Today’s tour began in Paimpont, a small town deep in what was the primeval forest that is key to the legend, and the key to the tourist map of key Arthurian sites. While this may all be pure fantasy, the legend plays out along the route. We began at the Château de Comper. The story is that the fairy Viviane was born and where she brought up Lancelot, doncha know. Little of the original remains, but it is now the headquarters of the Centre Arthurien, a very busy institute, where young scholars study important skills like juggling.

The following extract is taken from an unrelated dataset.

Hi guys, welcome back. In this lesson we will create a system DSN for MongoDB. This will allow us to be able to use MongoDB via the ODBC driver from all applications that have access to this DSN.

We spent the next hour trying to find Merlin’s tomb, but he was eluding us today. (Bad signage also contributed.) Suffice it to say that it seems to exist. We were able to locate the Val sans Retour, a very important place in the legend. Evidently, Morgana the witch, jealous of a knight who had been unfaithful to her, cast a spell over the valley preventing anyone who had done wrong from leaving it. Only Lancelot was able to break the spell, thanks to his faithfulness to Guinevere. (Guess breaking up Arthur’s marriage just didn’t count in the French version of the story.) We hiked through the valley to the Miroir des Fées, which allowed us to make a round trip.

The Golden Tree, which is a sculpture seen at the top of this post, is rather mystical, but it has a more modern origin. A tremendous fire in 1990 ruined much of the ancient forest, but it stopped at the point the tree commemorates, at the very edge of the pond. Perhaps Morgana started using her powers for good.

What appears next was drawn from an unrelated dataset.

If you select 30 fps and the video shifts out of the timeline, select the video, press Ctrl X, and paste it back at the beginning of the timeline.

The Valley is in the town of Tréhorenteuc, which has fully bought into the Arthur story for many years, as its small Church of the Grail illustrates. It would be interesting to know if the sultry woman in one of the paintings is Guinevere seducing Lancelot or Morgana exercising her wiles. Something to consider during Mass, I guess.

Our day’s journey ended at the town of Josselin, in a small hotel looking up at a château. The castle has been the home of the noble Rohan family for over 600 years. They live there still, but one can tour several rooms of their ancestral home, without a camera. Lovely, but it must be an awful lot of baggage to bear your entire life. No real point in being a modernist or a minimalist. But it and the town are lovely nonetheless. Plus, we have a castle view from our room.

4 thoughts on “Twice-told tales

  1. I think there might be a bit of a three-cornered fight over the Arthurian parentage. Cornwall is the other contender. You’ll maybe get to Tintagel later : big links there.Still, we’re all part of the Celtic brotherhood.
    When I was a kid in a Welsh village–almost back in Arthurian times-we used to get travelling salesmen from Brittany. They came on bikes, selling onions : the ‘shonny onion men’. ( I think now that the ‘shonny’ bit derived from Jean.)
    Lambert is a very common Breton name. Maybe that’s my heritage!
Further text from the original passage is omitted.